Après tant d’années d’omerta et de pratique de la langue de bois au sujet du concile,imposer silence au débat intellectuel ne pourrait-il pas provoquer l’affaiblissement ou le mépris de la métaphysique et de la théologie dogmatique, et réciproquement promouvoir le piétisme au sein de l’Eglise ?

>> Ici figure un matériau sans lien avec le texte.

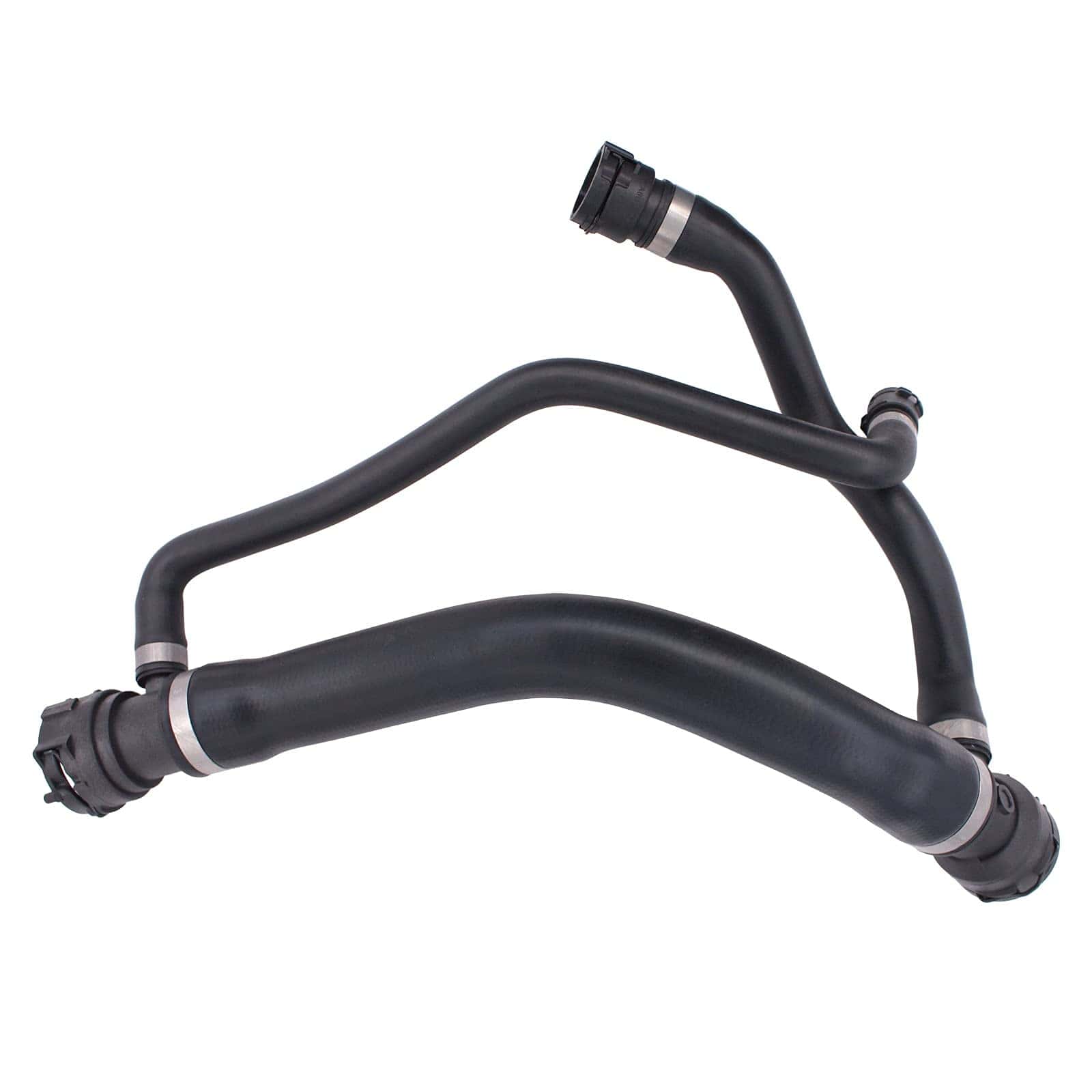 Manguera del radiador superior NewYall para BMW 750i 750Li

Pour répondre avec une certaine pertinence, il faudrait préciser dans quel sens sont utilisées les expressions « omerta » et « langue de bois ». Si la langue de bois désigne le langage qui dit une chose pour qu’on en comprenne une autre en même temps que pour la masquer, elle a bien des liens avec l’omerta. Mais il ne me semble pas qu’une telle omerta dépende des comportements ambigus que l’on peut ranger dans la catégorie de la langue de bois. En revanche il n’est pas douteux que dans la phase postconciliaire, et en partie à cause de la responsabilité du concile lui-même, il se soit diffusé artificiellement un climat dans lequel le débat théologique, sans être empêché, a revêtu un sens résolument univoque, et, ajouterais-je, destructeur pour des motifs qui ne relèvent ni de l’omerta ni de la langue de bois. Cela étant mis en évidence, j’ajouterai que si le silence intellectuel était l’effet d’une volonté de faire taire, il n’en résulterait pas que la mort de la théologie mais même celle de la capacité et de la liberté de penser. Exactement comme la question le laisse supposer. Et si cela arrivait par suite d’un mépris explicite ou implicite de la métaphysique et de la théologie dogmatique, la contrepartie pourrait effectivement être celle du piétisme, dans le pire sens et non dans le sens bien plus noble qui a caractérisé une partie de l’histoire de la Réforme. J’ajoute toutefois que cela me paraît purement hypothétique. De vraies et propres impositions du silence sont absentes de l’horizon théologique d’aujourd’hui, soit parce que l’autorité qui pourrait les décider – à de rarissimes exceptions près à marquer d’une pierre blanche – se tait olympiquement, laissant la porte ouverte à toutes les aventures théologiques, soit alors parce que le débat intellectuel lui-même se nourrit de confrontations et les provoque.